The most successful coach in the club’s history departed last December as ‘The Individual’, a three-time Premier League winner infuriated by a non-responsive senior squad whose title defence had degenerated into the early throes of a relegation struggle. For the first time in a 16-year managerial career, he had appeared at a loss.
It happened a second time, this time against his former club. The extent of Mourinho’s and Manchester United’s embarrassment at Stamford Bridge on Sunday shall reverberate for long. Since taking over at United, his dream job, he has looked subdued, weary and almost bored. Even the signs of the old Mourinho, the occasional crankiness and the delightfully contemptuous observation about football Einsteins, have felt like a bit like a tribute act to himself.
It is possible that, after all the talk of his unsuitability for the job, Mourinho is too conscious of how a United manager should be seen to behave. The old cliche about what happens to a player if you take the fire out of their game also applies to Mourinho. It is very hard for him to excel without confrontation and a siege mentality – weapons which, despite the anti-Mourinho rhetoric, Sir Alex Ferguson regularly used to spectacular effect. 
Mourinho’s petulant criticism of his Chelsea counterpart Antonio Conte may bode well for United. It was the first sign that the monster may be stirring.
Mourinho has not looked like Mourinho, and United – with their ponderous attacking and scruffy defending – certainly have not looked like a Mourinho team. That’s because they aren’t. Unlike at Chelsea, Internazionale and Real Madrid, Mourinho did not inherit a solid base – he had to buy almost an entire spine in Eric Bailly, Paul Pogba and Zlatan Ibrahimovic. The frequent selection of Juan Mata, whom Mourinho sold when he was at Chelsea, is another reflection of how he feels about his squad.
All managers should have 12 months’ grace before judgment is passed. In the Premier League, in 2016, nobody wants to play the long game. They barely want to play the short game. This is the age of entitlement, in which instant gratification is all that matters. 

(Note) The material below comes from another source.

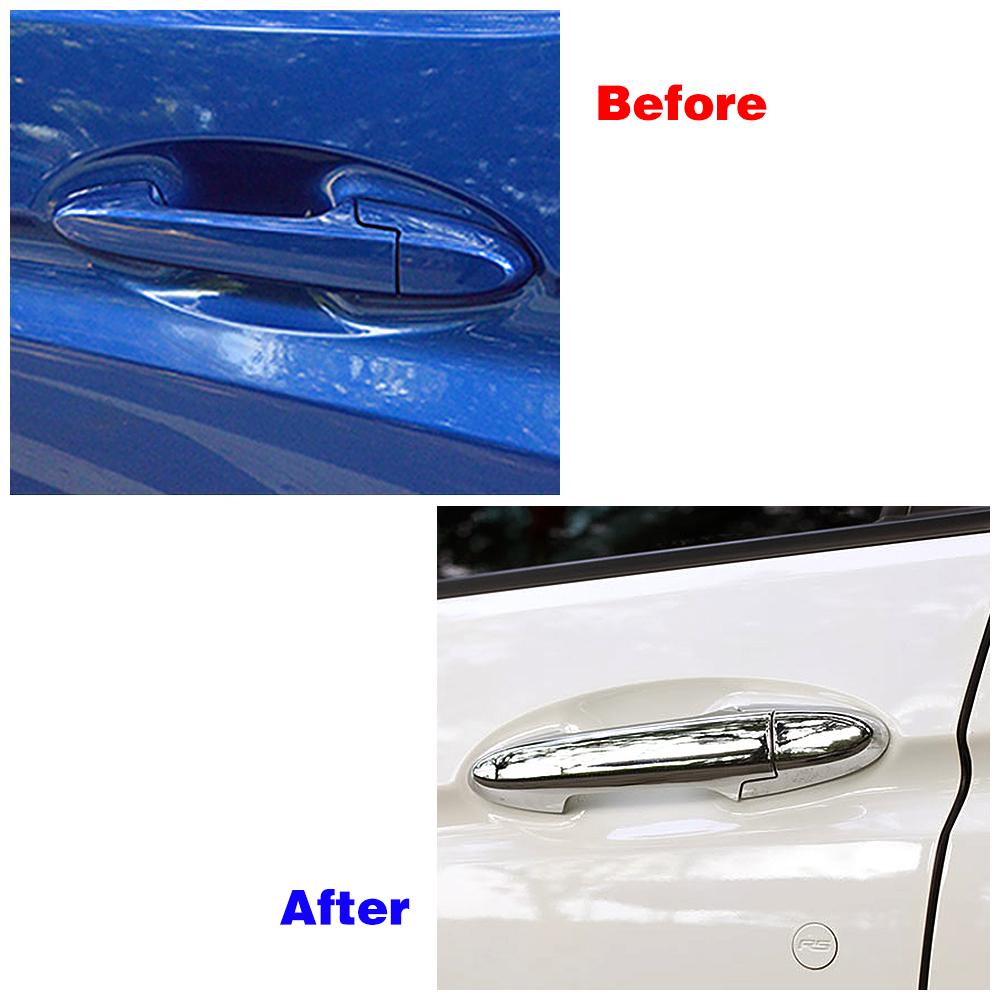 Dla Honda Fit Jazz GK5 GP5 2014-2018 Kolor włókna węglowego Modyfikacja Remont Chromowana osłona klamki drzwi Dekoracja Naklejki ochronne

Had the same values existed in the late 1980s, Ferguson would have been sacked without winning a trophy and May 2017 might be the 50th anniversary of their last title win. It took Ferguson five years to build a side capable of even challenging for the title; his astonishing success after that should give his case study the power of a judicial precedent. 
Instead, the opposite is true; despite being almost inherently counterproductive, the reset button is usually pressed at the first sign of trouble.
In many ways, Mourinho is reaping what he has sown. His precious success, and his lack of shyness about highlighting that success, means any failure will be magnified. And he antagonised so many people on the way up that coming down was never going to be an enjoyable journey. 
Yet, if you view United as a long-term project – which it is – Mourinho has already made some progress. He made four strong signings who, despite some false starts, should become excellent United players, and his handling of the enormous Wayne Rooney problem has been unusually subtle.
The Chelsea defeat should be Mourinho’s trigger to do something different, and do it as quickly as possible. If he doesn’t, the last laugh is likely to be at his expense.